[Web page caption snippets]
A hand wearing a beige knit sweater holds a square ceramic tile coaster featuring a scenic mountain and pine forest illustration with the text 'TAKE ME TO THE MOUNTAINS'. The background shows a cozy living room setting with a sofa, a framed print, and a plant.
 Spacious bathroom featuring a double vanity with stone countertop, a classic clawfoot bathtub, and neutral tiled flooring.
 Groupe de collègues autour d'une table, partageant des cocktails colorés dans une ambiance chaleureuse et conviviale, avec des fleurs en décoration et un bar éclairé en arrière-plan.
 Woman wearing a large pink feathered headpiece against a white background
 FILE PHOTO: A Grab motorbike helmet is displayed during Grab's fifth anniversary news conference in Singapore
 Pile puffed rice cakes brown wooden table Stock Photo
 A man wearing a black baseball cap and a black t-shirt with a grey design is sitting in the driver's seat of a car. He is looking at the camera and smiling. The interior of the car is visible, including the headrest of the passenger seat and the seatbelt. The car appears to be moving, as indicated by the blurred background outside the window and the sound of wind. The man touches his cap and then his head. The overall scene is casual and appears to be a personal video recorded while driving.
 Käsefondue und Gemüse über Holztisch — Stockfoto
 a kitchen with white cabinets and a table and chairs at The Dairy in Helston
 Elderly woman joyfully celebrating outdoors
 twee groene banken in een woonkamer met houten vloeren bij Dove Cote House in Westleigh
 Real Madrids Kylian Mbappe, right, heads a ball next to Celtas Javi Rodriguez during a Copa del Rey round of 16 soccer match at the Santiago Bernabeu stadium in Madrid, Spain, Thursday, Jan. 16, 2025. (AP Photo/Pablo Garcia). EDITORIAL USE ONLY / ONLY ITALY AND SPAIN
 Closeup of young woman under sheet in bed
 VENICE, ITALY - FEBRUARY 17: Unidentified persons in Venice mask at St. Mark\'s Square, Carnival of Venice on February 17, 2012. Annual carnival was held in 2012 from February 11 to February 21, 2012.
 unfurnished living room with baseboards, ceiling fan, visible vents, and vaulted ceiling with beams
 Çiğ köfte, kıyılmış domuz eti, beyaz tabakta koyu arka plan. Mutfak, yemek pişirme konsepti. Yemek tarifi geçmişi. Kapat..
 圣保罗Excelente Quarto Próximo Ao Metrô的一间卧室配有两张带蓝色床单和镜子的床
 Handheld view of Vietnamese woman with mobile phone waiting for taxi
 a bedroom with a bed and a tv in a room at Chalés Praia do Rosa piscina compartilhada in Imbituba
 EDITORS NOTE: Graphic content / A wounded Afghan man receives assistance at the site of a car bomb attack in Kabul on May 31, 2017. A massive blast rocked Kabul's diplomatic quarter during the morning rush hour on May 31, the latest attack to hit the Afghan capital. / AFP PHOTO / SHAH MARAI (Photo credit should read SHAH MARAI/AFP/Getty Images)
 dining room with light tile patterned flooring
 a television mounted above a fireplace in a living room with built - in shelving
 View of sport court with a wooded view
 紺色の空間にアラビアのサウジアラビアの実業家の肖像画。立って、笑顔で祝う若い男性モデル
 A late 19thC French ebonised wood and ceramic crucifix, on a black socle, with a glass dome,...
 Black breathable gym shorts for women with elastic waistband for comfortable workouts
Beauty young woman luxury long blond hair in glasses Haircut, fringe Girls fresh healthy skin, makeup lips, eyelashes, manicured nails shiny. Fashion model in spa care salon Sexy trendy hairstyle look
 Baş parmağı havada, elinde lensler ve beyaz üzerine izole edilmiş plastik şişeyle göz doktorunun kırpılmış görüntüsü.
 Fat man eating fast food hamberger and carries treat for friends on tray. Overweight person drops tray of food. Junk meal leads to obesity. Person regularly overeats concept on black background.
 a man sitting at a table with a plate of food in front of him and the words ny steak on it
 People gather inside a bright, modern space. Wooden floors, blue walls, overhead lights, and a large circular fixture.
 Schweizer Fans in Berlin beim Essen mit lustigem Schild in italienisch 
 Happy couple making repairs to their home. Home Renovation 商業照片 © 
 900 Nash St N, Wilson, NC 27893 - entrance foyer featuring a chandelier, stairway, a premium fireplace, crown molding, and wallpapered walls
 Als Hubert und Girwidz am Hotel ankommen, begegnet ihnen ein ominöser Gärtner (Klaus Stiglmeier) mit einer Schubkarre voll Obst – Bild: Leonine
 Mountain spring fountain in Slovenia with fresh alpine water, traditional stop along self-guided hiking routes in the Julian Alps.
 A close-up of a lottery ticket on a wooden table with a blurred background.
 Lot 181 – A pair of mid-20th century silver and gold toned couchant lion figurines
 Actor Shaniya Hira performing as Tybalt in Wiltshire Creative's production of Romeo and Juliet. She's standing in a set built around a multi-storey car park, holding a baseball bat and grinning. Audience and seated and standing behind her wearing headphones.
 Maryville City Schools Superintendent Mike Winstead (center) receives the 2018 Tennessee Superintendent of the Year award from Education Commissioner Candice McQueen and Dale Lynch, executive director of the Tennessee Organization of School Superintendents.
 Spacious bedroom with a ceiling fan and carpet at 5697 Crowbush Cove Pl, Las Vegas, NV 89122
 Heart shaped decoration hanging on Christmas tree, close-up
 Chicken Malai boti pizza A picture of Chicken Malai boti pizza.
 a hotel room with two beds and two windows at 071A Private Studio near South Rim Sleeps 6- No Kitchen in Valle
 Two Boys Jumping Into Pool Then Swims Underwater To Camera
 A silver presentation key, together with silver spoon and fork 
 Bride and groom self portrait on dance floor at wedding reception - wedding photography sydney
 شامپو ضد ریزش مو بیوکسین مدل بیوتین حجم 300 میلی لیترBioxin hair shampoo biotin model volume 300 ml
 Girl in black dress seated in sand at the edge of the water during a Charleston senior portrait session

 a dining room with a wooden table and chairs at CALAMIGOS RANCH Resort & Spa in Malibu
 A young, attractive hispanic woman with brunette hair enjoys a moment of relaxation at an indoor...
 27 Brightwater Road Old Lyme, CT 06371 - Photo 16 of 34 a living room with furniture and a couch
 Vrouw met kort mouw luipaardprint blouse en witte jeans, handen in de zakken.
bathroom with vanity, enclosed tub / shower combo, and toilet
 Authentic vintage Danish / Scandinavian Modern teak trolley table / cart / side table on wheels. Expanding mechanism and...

Task details :: Word for word, retype the lines from the one containing "A silver presentation" through the final line of the data, including both ends and nothing more.

Completed task ::
 A silver presentation key, together with silver spoon and fork 
 Bride and groom self portrait on dance floor at wedding reception - wedding photography sydney
 شامپو ضد ریزش مو بیوکسین مدل بیوتین حجم 300 میلی لیترBioxin hair shampoo biotin model volume 300 ml
 Girl in black dress seated in sand at the edge of the water during a Charleston senior portrait session

 a dining room with a wooden table and chairs at CALAMIGOS RANCH Resort & Spa in Malibu
 A young, attractive hispanic woman with brunette hair enjoys a moment of relaxation at an indoor...
 27 Brightwater Road Old Lyme, CT 06371 - Photo 16 of 34 a living room with furniture and a couch
 Vrouw met kort mouw luipaardprint blouse en witte jeans, handen in de zakken.
bathroom with vanity, enclosed tub / shower combo, and toilet
 Authentic vintage Danish / Scandinavian Modern teak trolley table / cart / side table on wheels. Expanding mechanism and...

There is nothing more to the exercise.